WHAT YOU WILL DO —
Copy the data exactly. Images are the one exception.

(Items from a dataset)
* * * * * * * * *

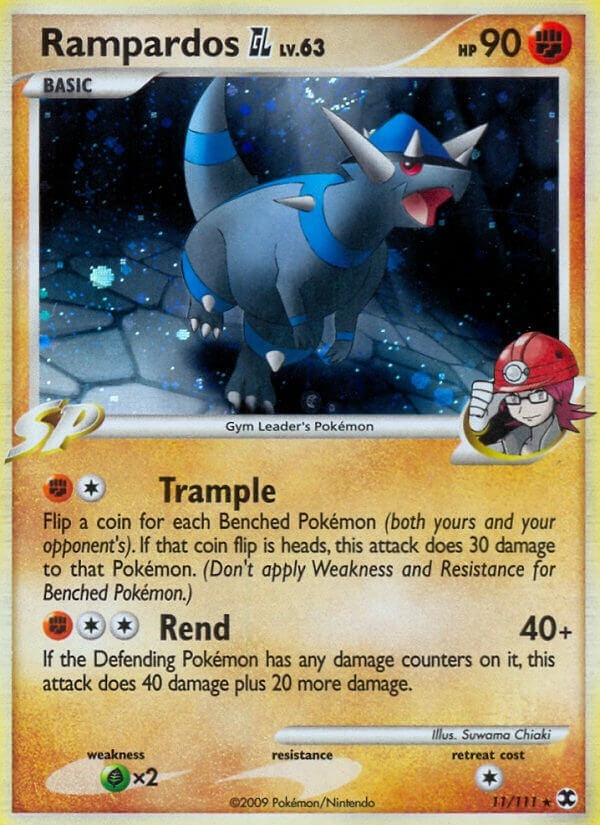 Image for Rampardos GL (11/111) (Rising Rivals) - Pokemon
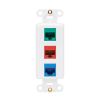 Tripp Lite N042D-003V-WH wall plate/switch cover White3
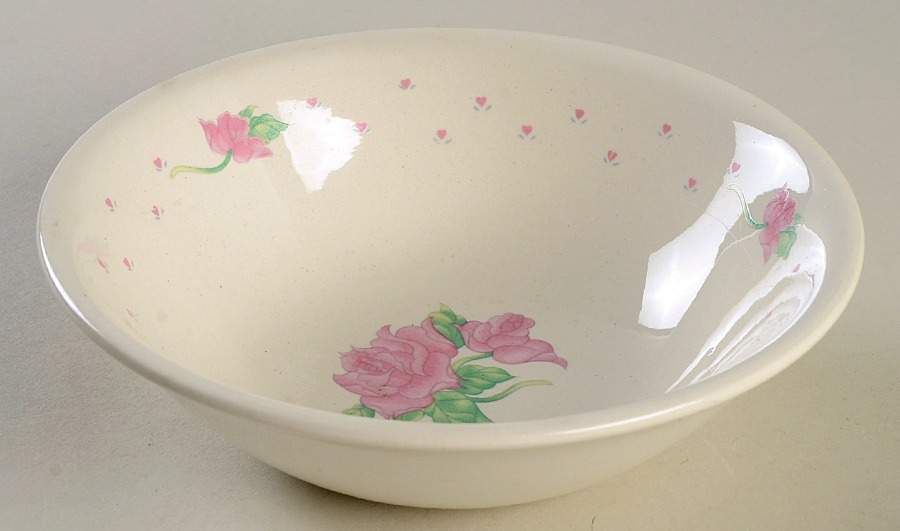 Pink Rose Coupe Cereal Bowl by Tabletops Unlimited-1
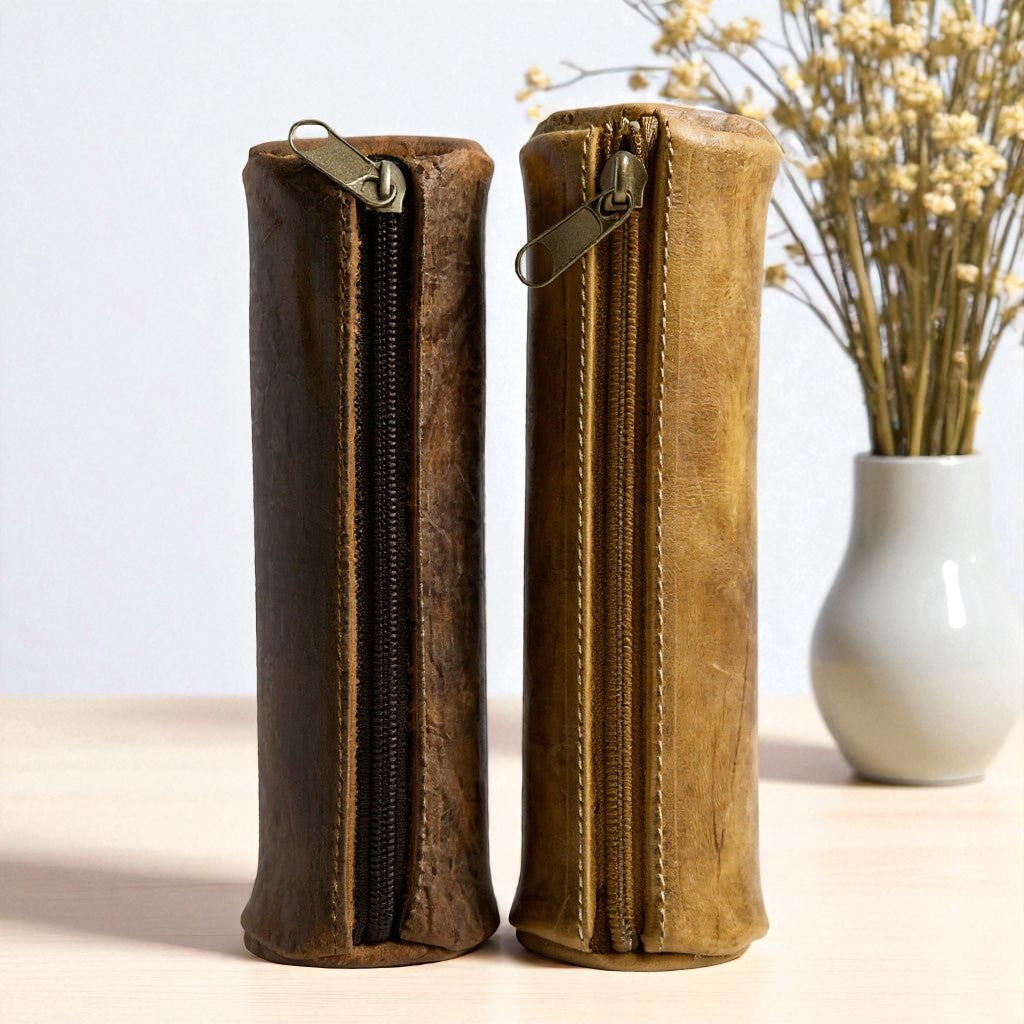 Estuche de Cuero para Lápices – Edición Artesanal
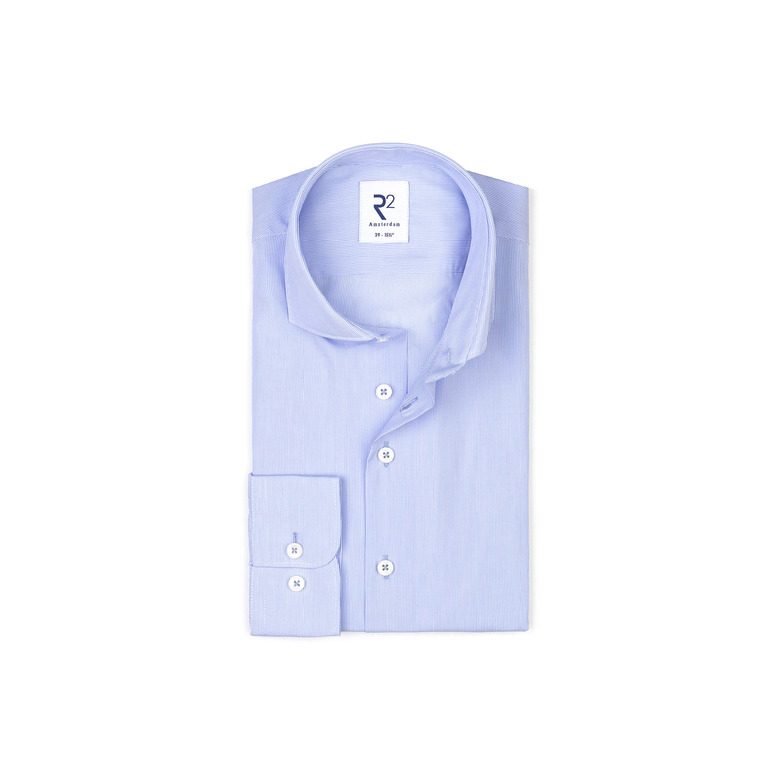 R2 Amsterdam hemd blauw 1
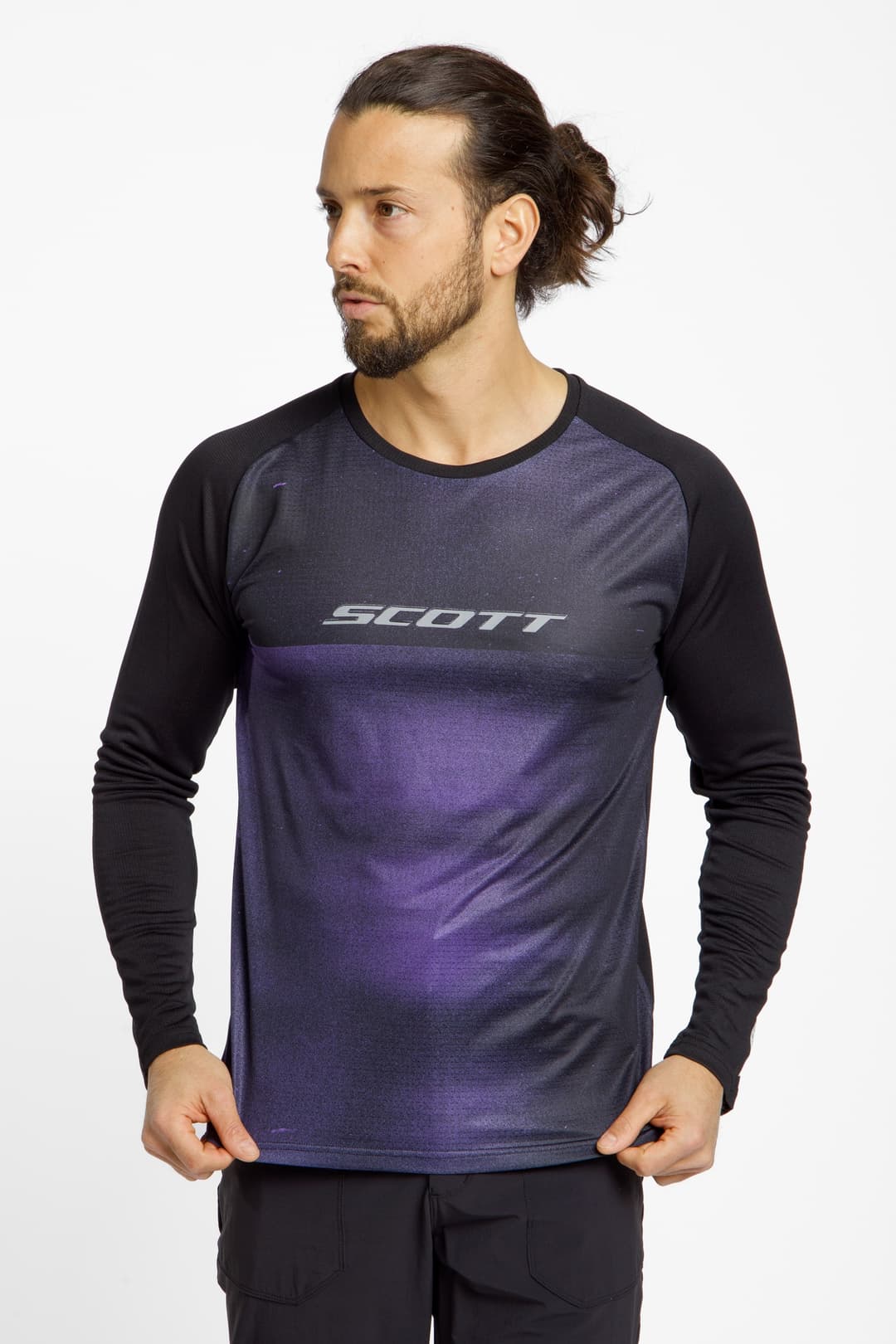 SCOTT Trail Tuned LS Herren Biketrikot Lila, Herren, Größe: XL
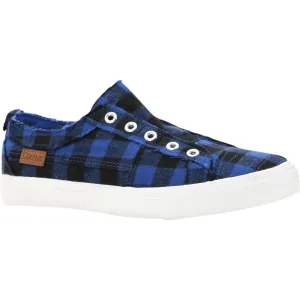 Women's Babalu Canvas Shoes In Blue Plaid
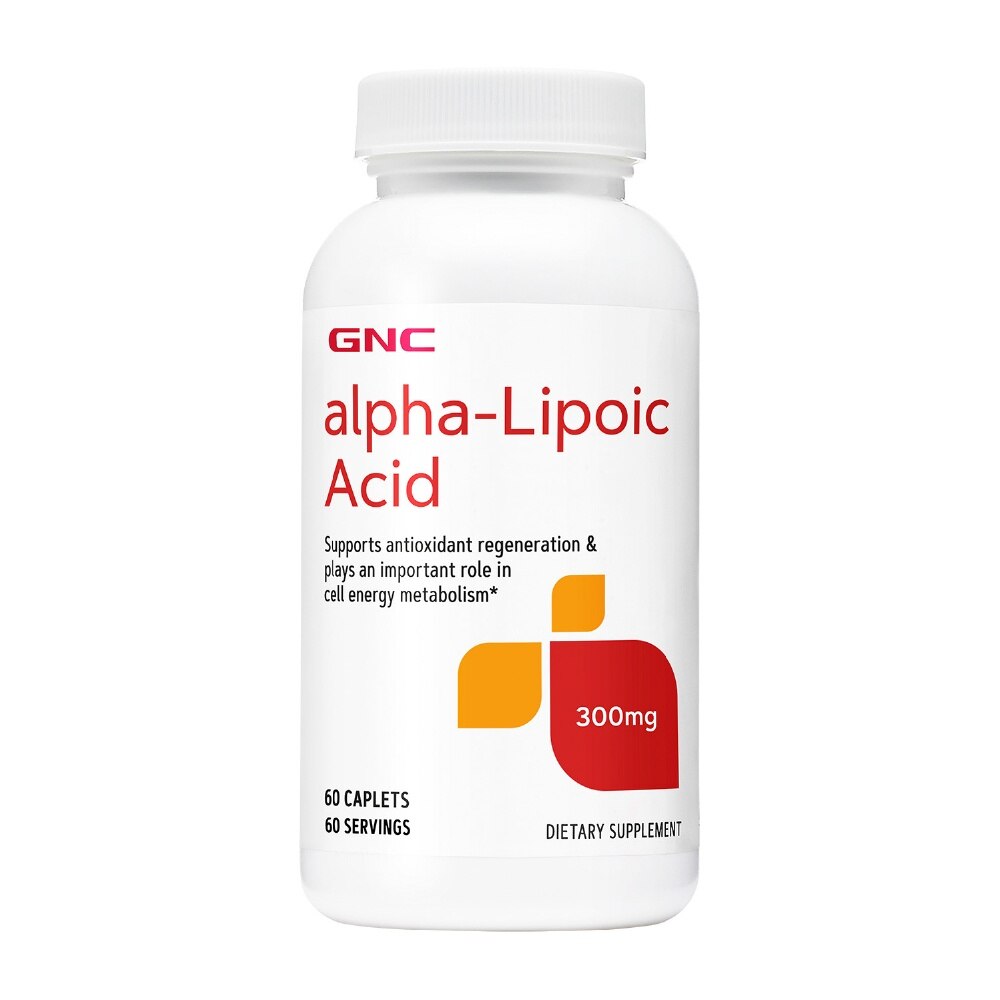 GNC Alpha-Lipoic Acid 300mg Caplet 60s
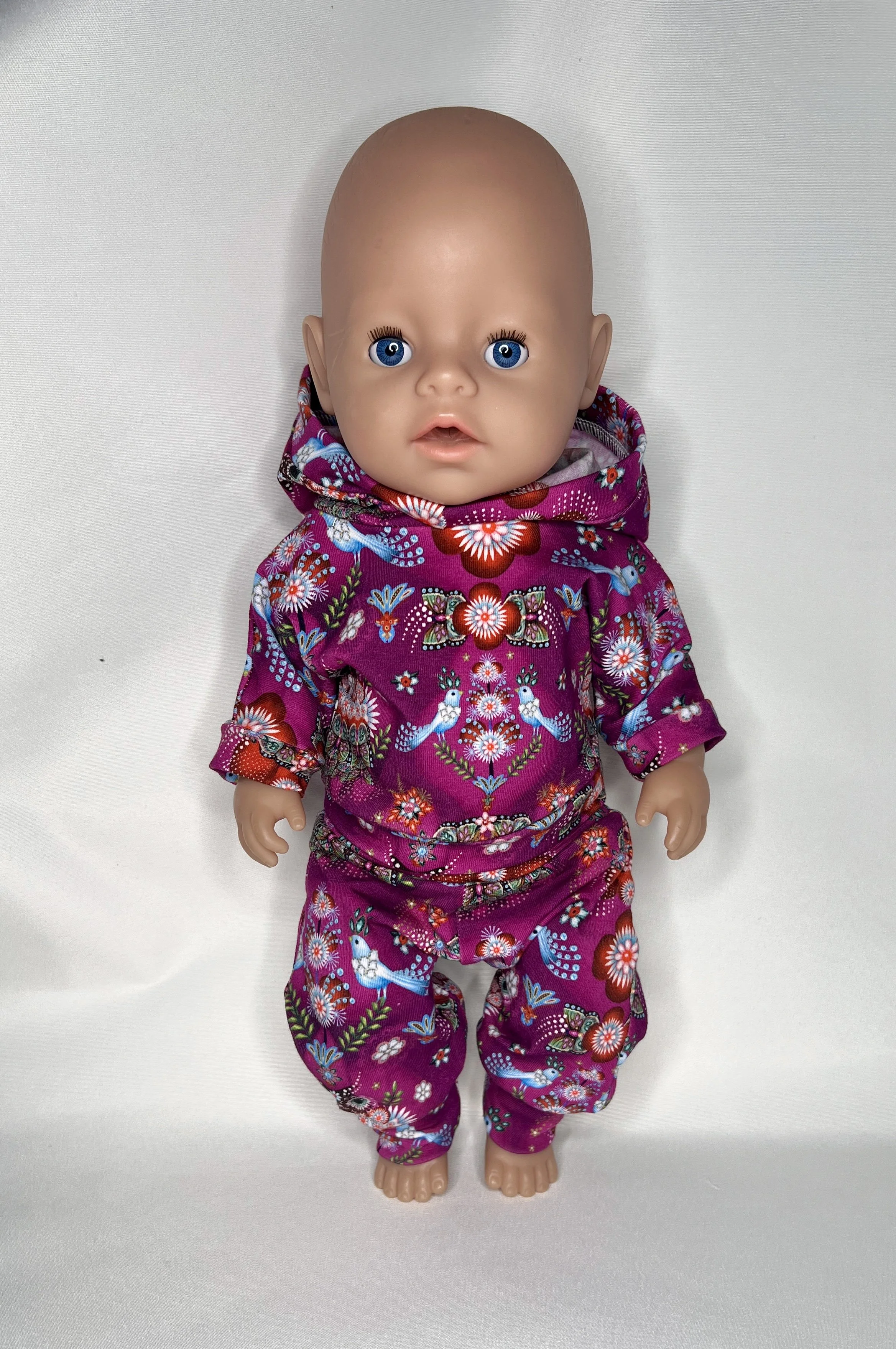 Joggedress med hette for Baby Born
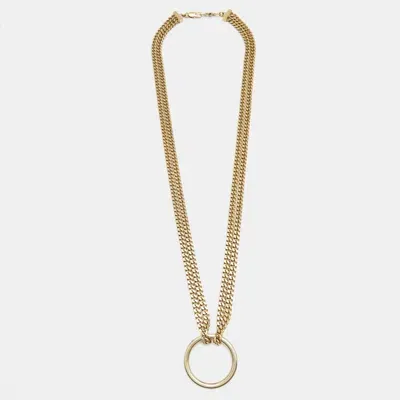 Pre-owned Chloé Gold Tone Long Necklace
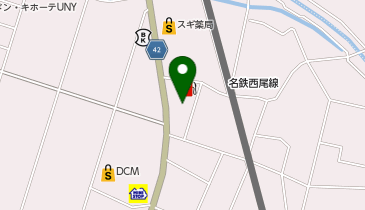 香味館の地図画像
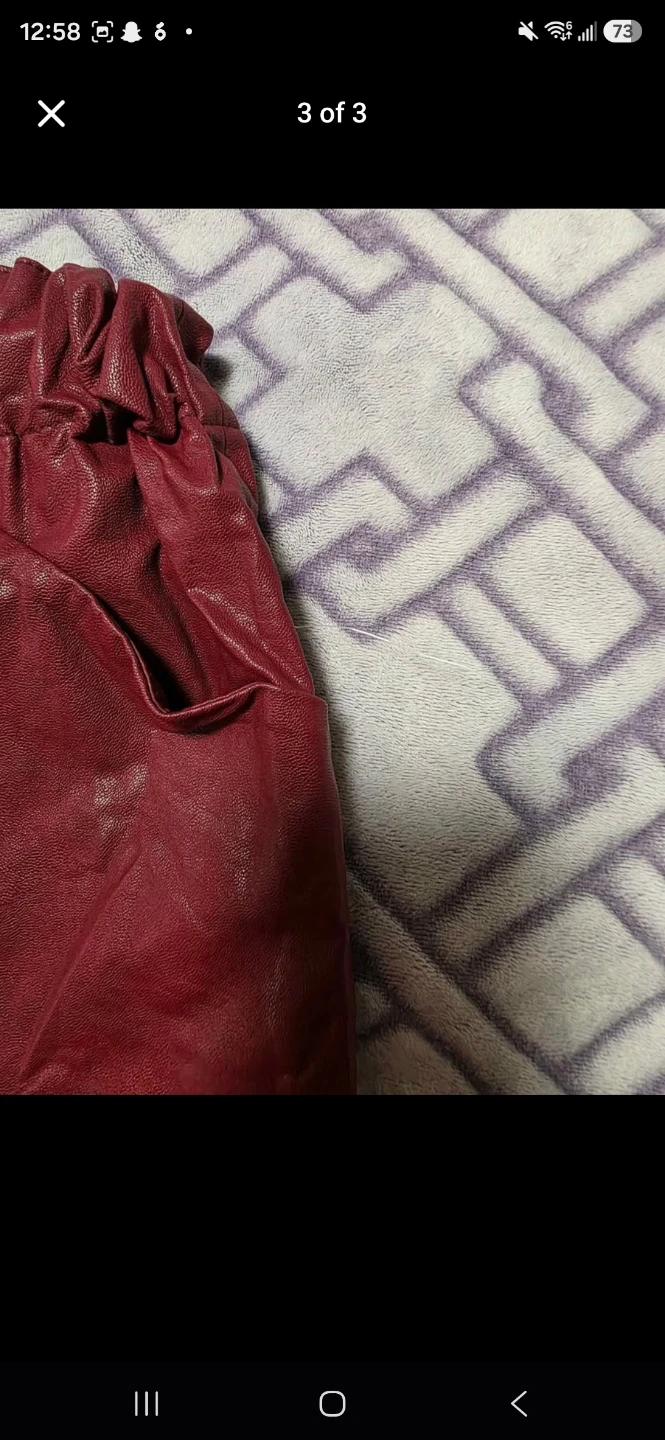 Zara Faux Leather Skirt  $40 - photo 4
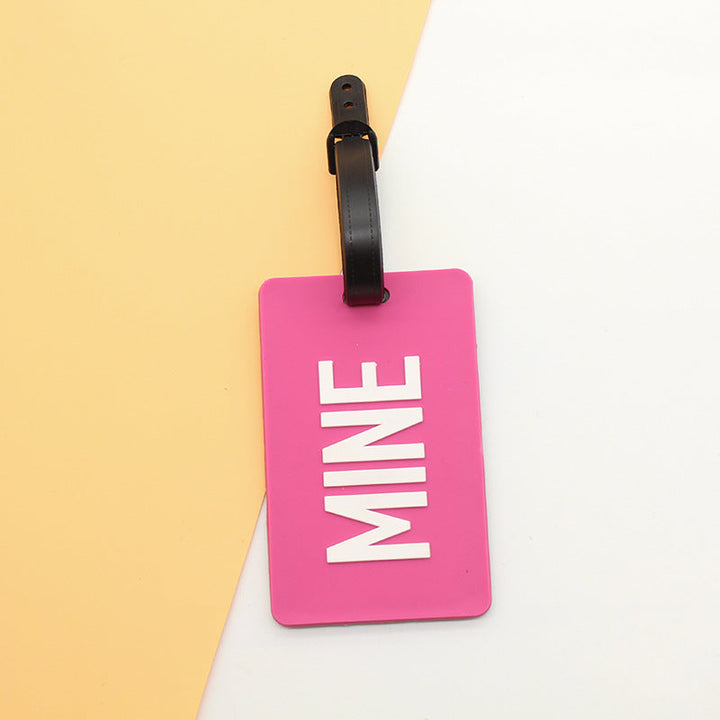 Unisex Luggage Tag with Smart Safety Message Kalsten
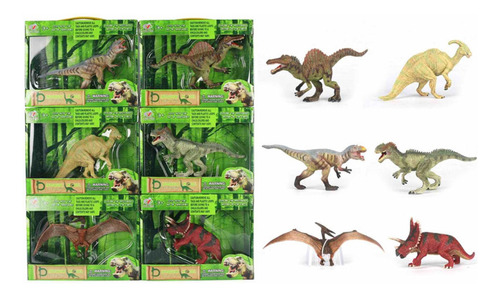 Dinosaurios  Set Completo Coleccion A Escala Juguete Ml481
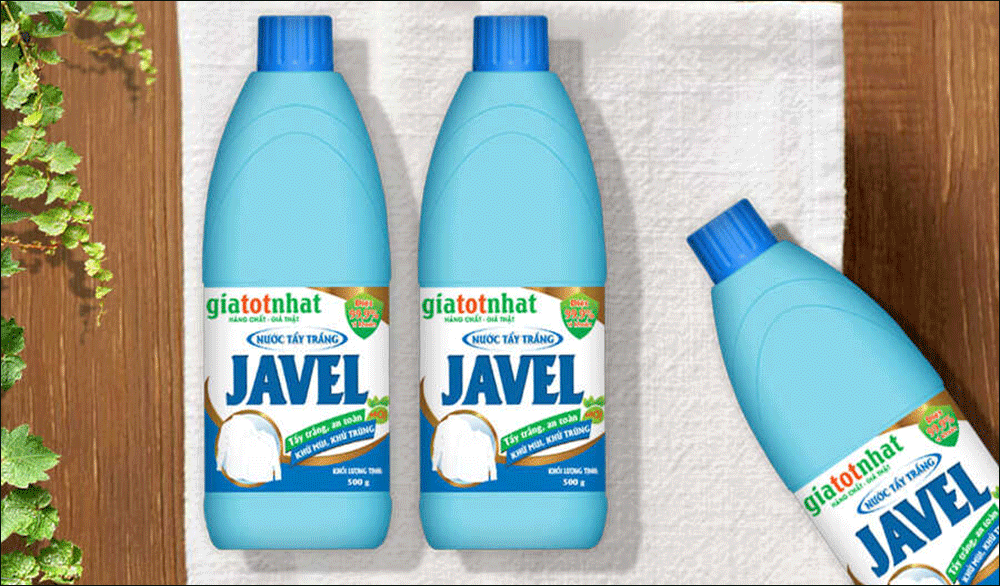 cách tẩy áo trắng bị dính màu với nước tẩy Javel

* * * * * * * * *

TASK SOLUTION —
 Image for Rampardos GL (11/111) (Rising Rivals) - Pokemon
 Tripp Lite N042D-003V-WH wall plate/switch cover White3
 Pink Rose Coupe Cereal Bowl by Tabletops Unlimited-1
 Estuche de Cuero para Lápices – Edición Artesanal
 R2 Amsterdam hemd blauw 1
 SCOTT Trail Tuned LS Herren Biketrikot Lila, Herren, Größe: XL
 Women's Babalu Canvas Shoes In Blue Plaid
 GNC Alpha-Lipoic Acid 300mg Caplet 60s
 Joggedress med hette for Baby Born
 Pre-owned Chloé Gold Tone Long Necklace
 香味館の地図画像
 Zara Faux Leather Skirt  $40 - photo 4
 Unisex Luggage Tag with Smart Safety Message Kalsten
 Dinosaurios  Set Completo Coleccion A Escala Juguete Ml481
 cách tẩy áo trắng bị dính màu với nước tẩy Javel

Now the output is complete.